Jimenez. The time when punishments were feared is in the past. Perhaps some, right now, perceive the long-expected starting gun, although there are still many professionals who never left the country because they didn’t find a way to finance the enterprise. Those of us who have chosen to work outside Cuba, we did it with loans from family or friends, or with the money accumulated on some official medical mission abroad.
Escobar. Besides the resources to travel, what other obstacles are there on the road?
Jimenez. In recent months they have implemented the practice, undoubtedly deliberately, of delaying all the legal validation of documents in the Ministry of Foreign Affairs and the rest of the ministries, with the obvious purpose of putting obstacles before any possible departure from the country by doctors and professionals from other sectors. This hindrance can only be explained as a policy of deterrent to discourage future flights.

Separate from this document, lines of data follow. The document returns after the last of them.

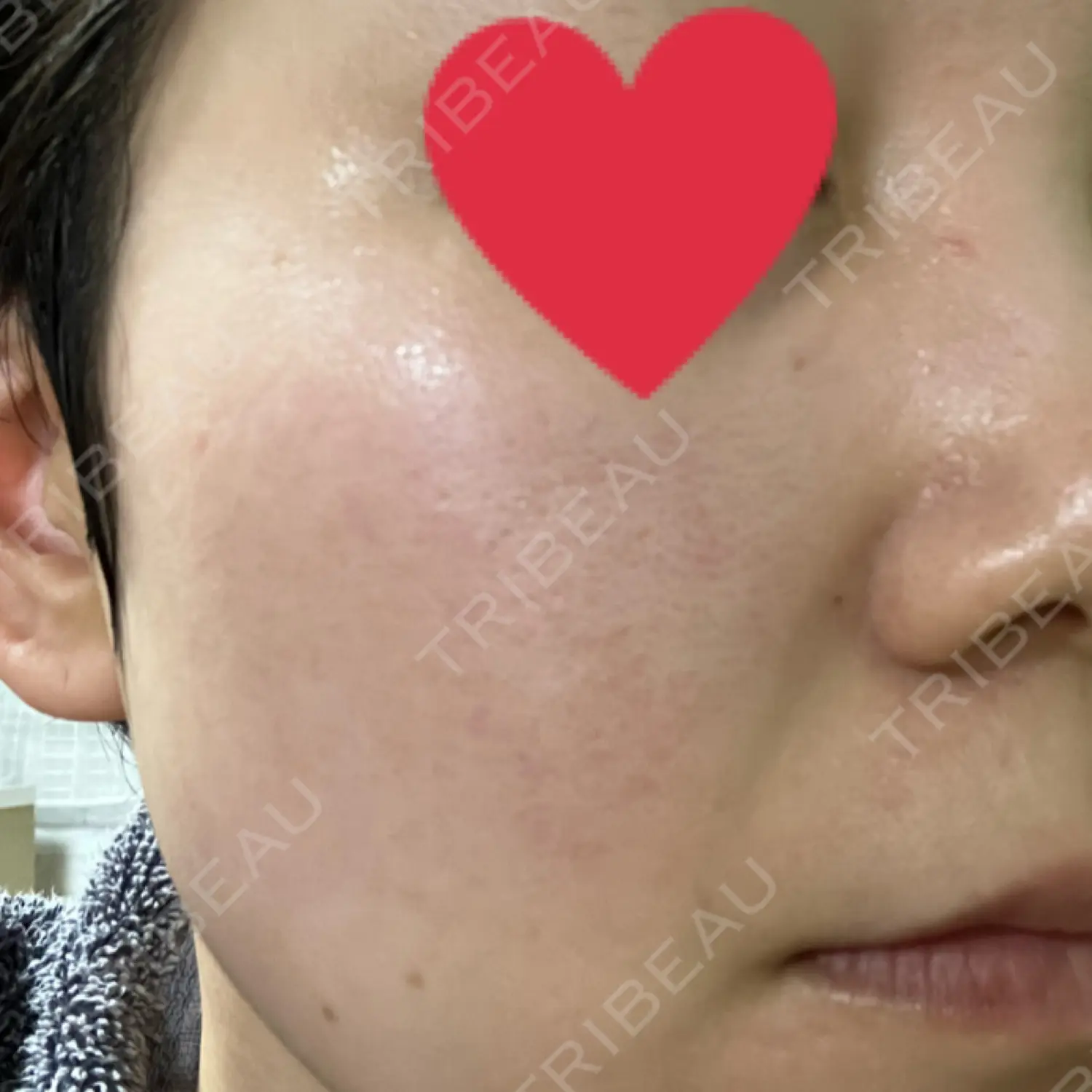 施術後の写真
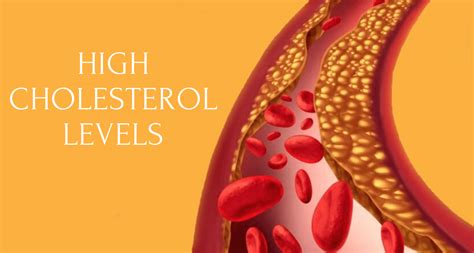 How To Manage High Cholesterol Levels Publishthispost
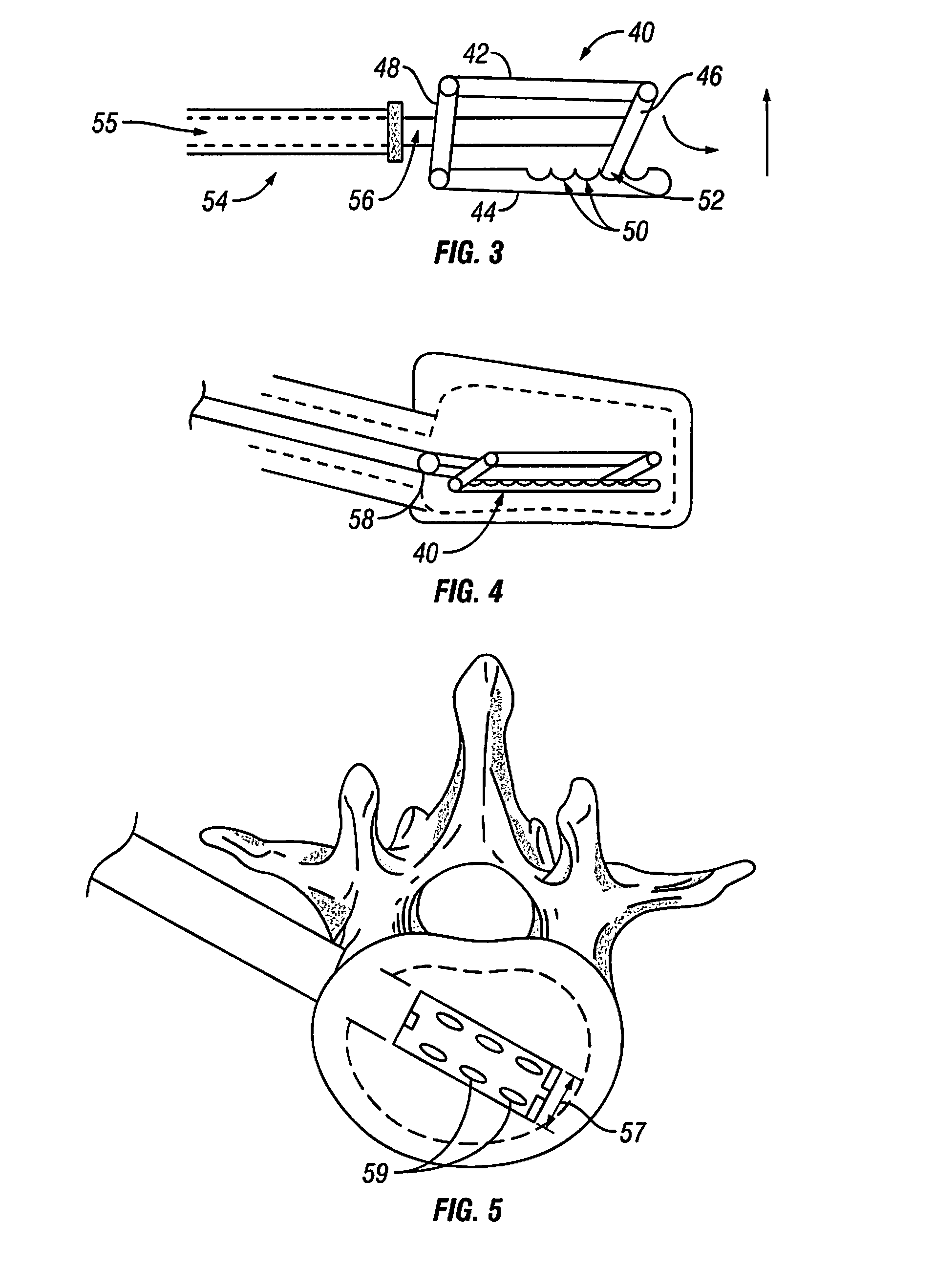 Devices and Methods for Treating Bone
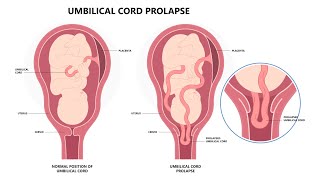 Surviving Umbilical Cord Prolapse And HIE [upl. by Liz]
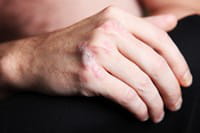 le stress est un des facteurs pouvant faire apparaître des plaques de psoriasis.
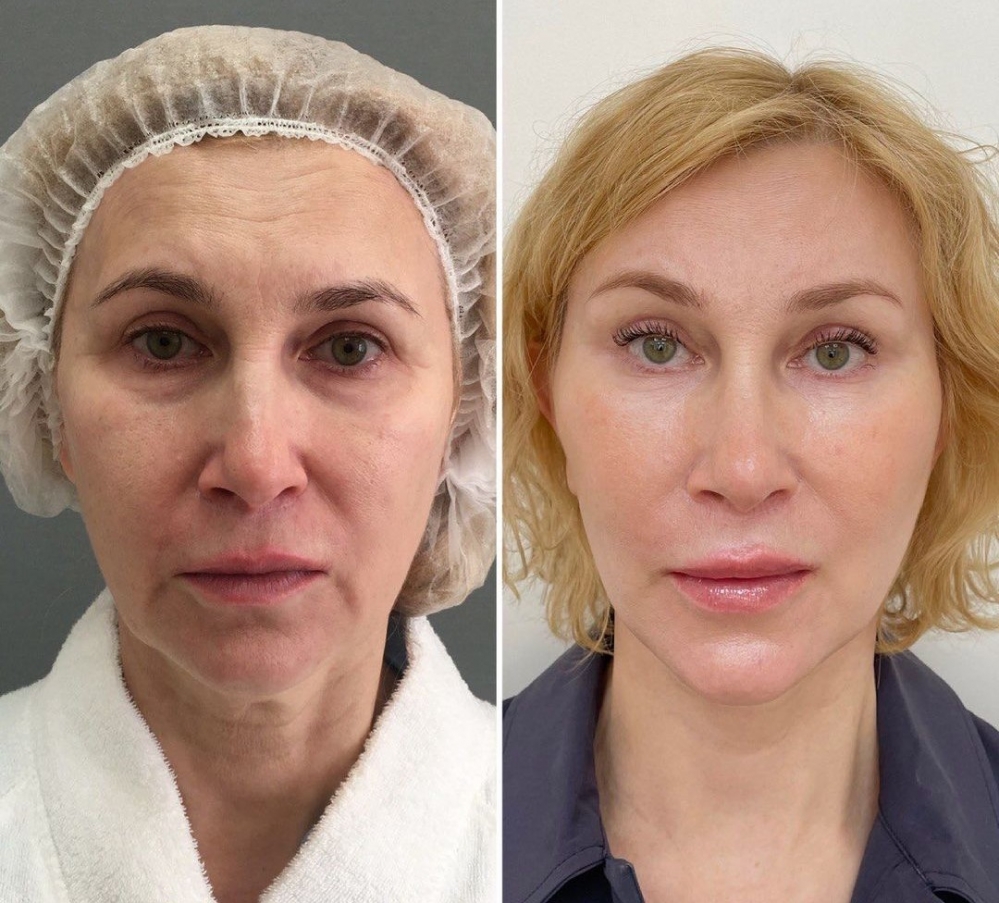 Пациентка доктора Станислава Екимова до и после омоложения лица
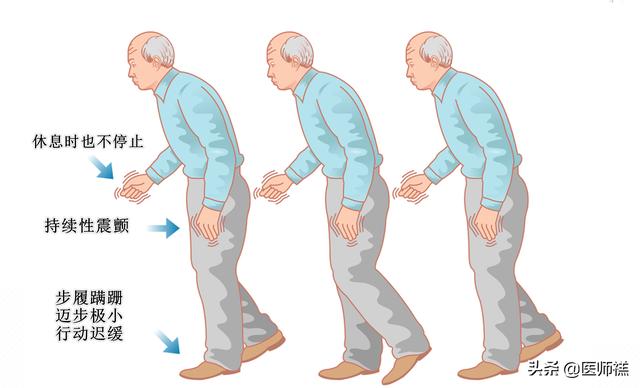 莱姆病症状早期以:帕金森综合症早期症状有哪些？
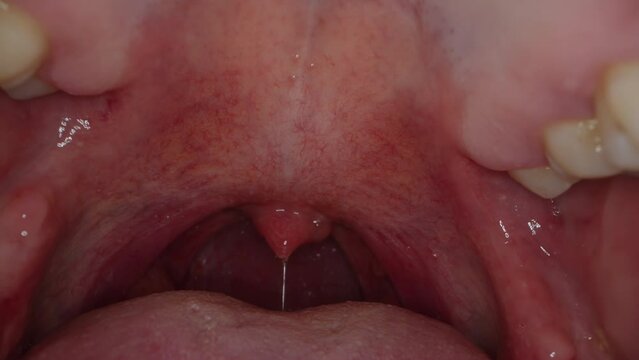 Macro View Inside The Mouth, The Camera Rotates and Goes Deeper into The Throat.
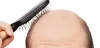 Hair Transplant Treatment in Chennai | Raj Cosmeticsurgery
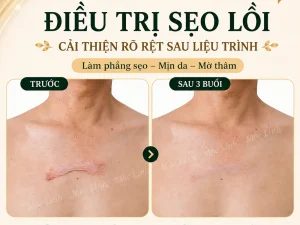 Điều trị các loại sẹo uy tín Hải Phòng
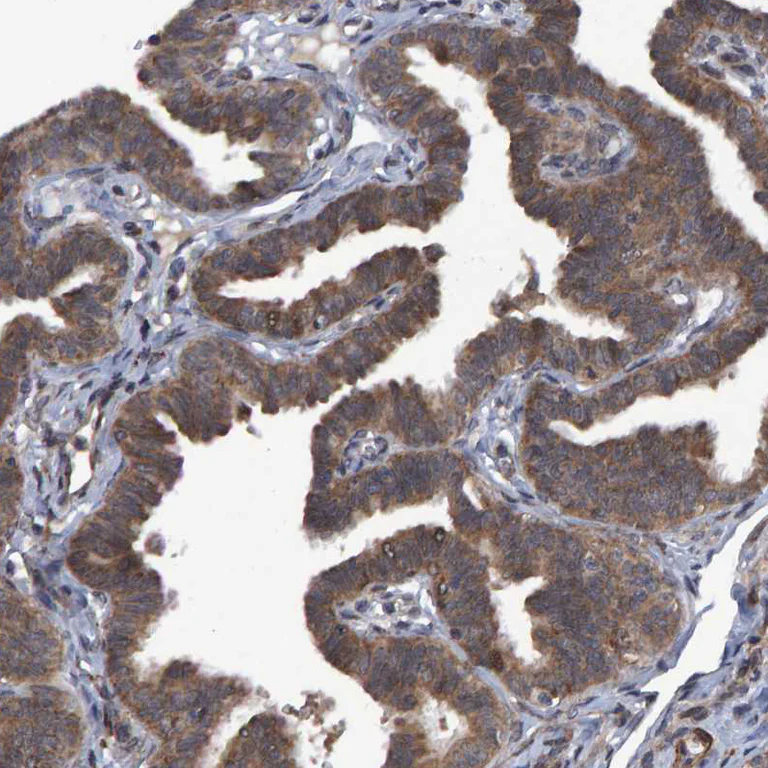 Immunohistochemistry (Formalin/PFA-fixed paraffin-embedded sections) - Anti-ATP6V1H antibody (AB254685)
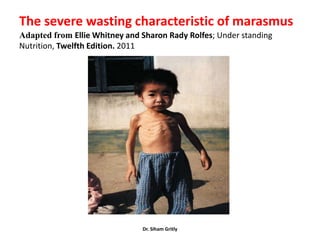 The severe wasting characteristic of marasmus
Adapted from Ellie Whitney and Sharon Rady Rolfes; Under standing
Nutrition, Twelfth Edition. 2011




                               Dr. Siham Gritly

Escobar. In the announcement that appeared in Granma the only ones included among those who can return are those who left under the new Immigration Act, which came into force in January 2013, but there is nothing said about those who left before. What do you think about that?
Jimenez. If this is so, we would be facing the perpetuation a grave injustice. To prevent any Cuban citizen from freely entering his or her own country is a grave violation of human rights practiced by the Cuban government for half a century. Anyone who still doubts that this is a rancid dictatorship can take this example: a doctor precluded by a group of officials from meeting with his children for eight years (!) for something as simple as having terminated a labor contract, for nothing more than his having “deserted” a mission.
Such a decision would oppose the central objective of the new policy, that seeks nothing more than discouraging departures and encouraging the return of a greater number of professionals among those who once left.
*Translator’s note: A reference to recent photographs published in the international press showing Fidel Castro’s son Antonoio Castro Soto Del Valle enjoying a luxury vacation in Turkey.